Pedagogy Toolkit’s teaching resources demonstrate the importance of intellectual
exploration in a student-directed space. Teachers construct their documents as
actionable objects that invite a variety of student problem-solving strategies,
rather than lists of information or steps to repeat. Documents are referenced as
“strategies,”
“recipes,”
“workshops,” and “exercises;” writing
prompts are paired with open-ended videos; and guides blend video and text with
analog and anecdote. Rather than requiring students to keep to the intellectual
pathways prescribed by a given method or workflow, such action-oriented
worksheets encourage students to find their own answers and share them with the
learning community of the class. This is an approach to critical digital
pedagogy that permeates the documents shared by the Pedagogy Toolkit
contributors. The emergence of digital teaching archives thus also signals the
emergence of teaching documents as an important record of the ongoing nature of
humanities inquiry, as it unfolds through the ongoing creation of knowledge in
undergraduate classrooms.
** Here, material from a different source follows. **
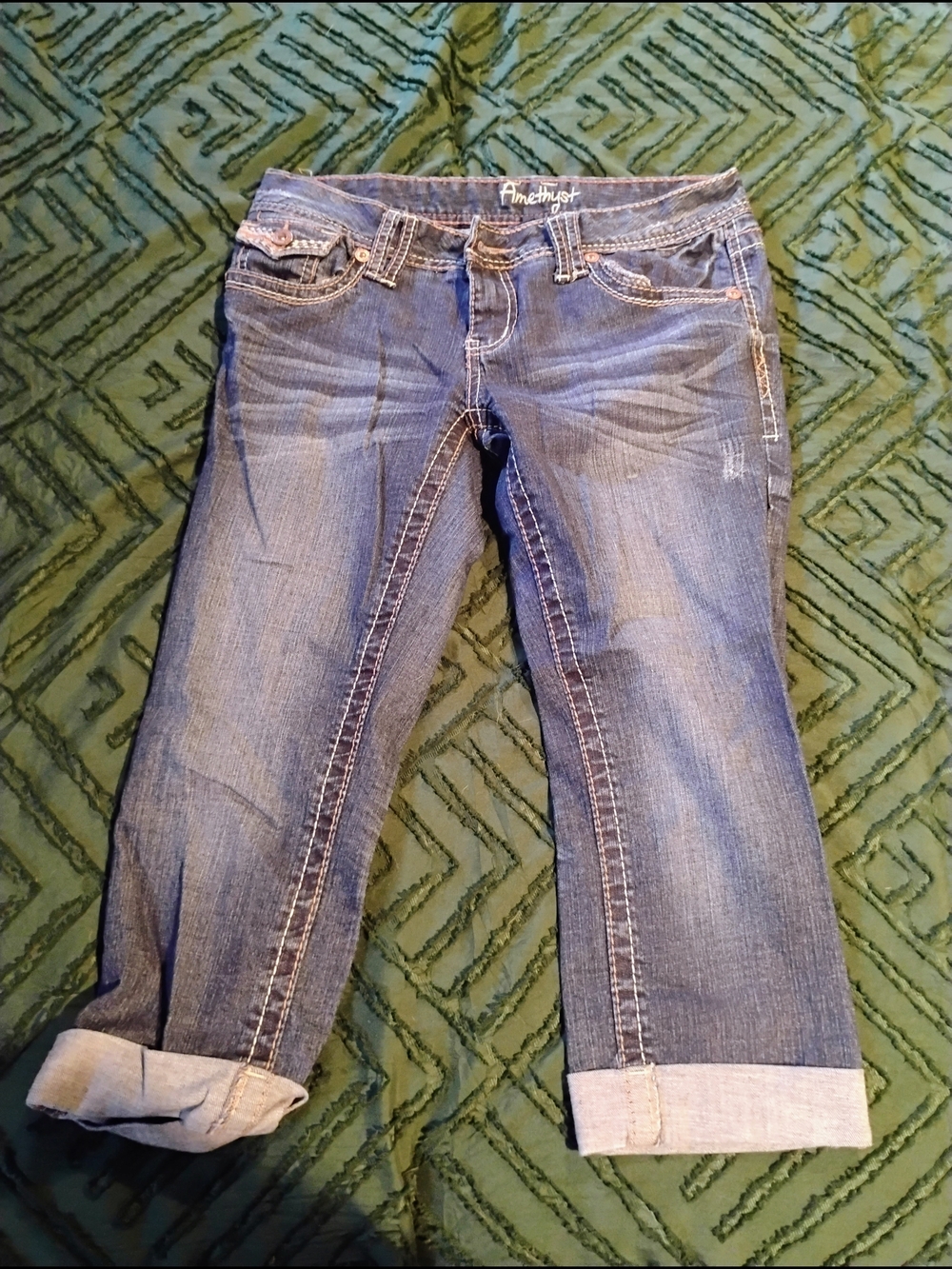 Amethyst Jeans Women's Blue Denim Crop Jeans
Such documents reveal digital pedagogy as an
exploratory endeavor, in which knowledge is created by reworking and retooling
existing schemas and strategies rather than reinscribing legacy frameworks by
rote; this open source model lies at the heart of the documents shared through
Pedagogy Toolkit, as well as the Toolkit platform itself.
Pedagogy Toolkit is not alone in extending pedagogies of collaborative knowledge
production and disciplinary border-crossing to digital platform development and
dissemination. This interdisciplinary field of work was pioneered by
Kairos, the long-standing online journal that first
shared project-based and multimodal arguments that take up rhetoric, technology,
and pedagogy. Disseminating complex arguments about teaching and technology that
work with and through technological interfaces online,
Kairos joins arguments by Cheryl Ball, Alan Galey and Stan Ruecker,
and Susan Brown, Patricia Clements and Isobel Grundy in demonstrating that
digital scholarship makes arguments by performing and enacting cultural and
critical theories [
Ball 2004]
[
Galey and Ruecker 2008]
[
Brown et. al. 2006].
Kairos has paved the
way for related projects that embed theories and values of knowledge exchange
into their design and use.
Digital Pedagogy in the
Humanities: Concepts, Models, and Experiments reshapes the form of
the book to explore collaborative models for teaching development. Organized
around fifty keywords and nearly 550 pedagogical artifacts, the project invites
teachers to replicate and remix each other’s projects, activities, and
assignments, all shared under a Creative-Commons license. This remixing
mechanism allows teaching practitioners to shape and grow each keyword by
updating it with their own adaptations of existing teaching materials. In so
doing, it embeds the values of pedagogical collaboration into the book’s digital
design: “[taking] advantage of the affordance of the digital
form to allow readers to respond to, rearrange, regroup, and remix
sample projects along a range of axes”
[
Ball et. al. 2015].
Similarly, HASTAC’s Pedagogy Project shares an open repository of teaching
assignments and experiments, which is openly accessible for community comments,
updates, and additions. The scope of the Pedagogy Project is vast, including
creative and multimedia projects, collaborative digital projects, and examples
of social media and public scholarship. Crucially, the project encourages
teachers to comment on its resources, offering feedback on how the exercise went
in their classroom as well as suggestions for future improvement. Through the
open access and commenting features of the HASTAC platform, this project invites
teaching communities to collectively share and reflect upon their teaching
practices online. Echoing Lisa Spiro’s reminder that “sharing energizes and shapes a community,”
[
Spiro 2013] Pedagogy Toolkit joins the efforts and energies of these projects. The
community building mission of Pedagogy Toolkit forms but one node in an emerging
constellation of work that builds pedagogy into the disciplinary and digital
frameworks of the humanities.
The aims and aspirations of this project emerge from a specific institutional
context. It began under a Learning and Teaching Development Grant from the
University of Victoria Learning and Teaching Centre, headed by Misao Dean and
Lisa Chalykoff.
[5] This grant facilitated a pilot
program that added a lab component to the University of Victoria’s first-year
writing curriculum. Throughout the year-long project, participating teachers
used Moodle to share materials and resources developed as part of this
curriculum, forming a local community of networked teaching practitioners. These
materials populate the resources section of the Toolkit, which includes
excellent classroom materials from instructors at the University of Victoria.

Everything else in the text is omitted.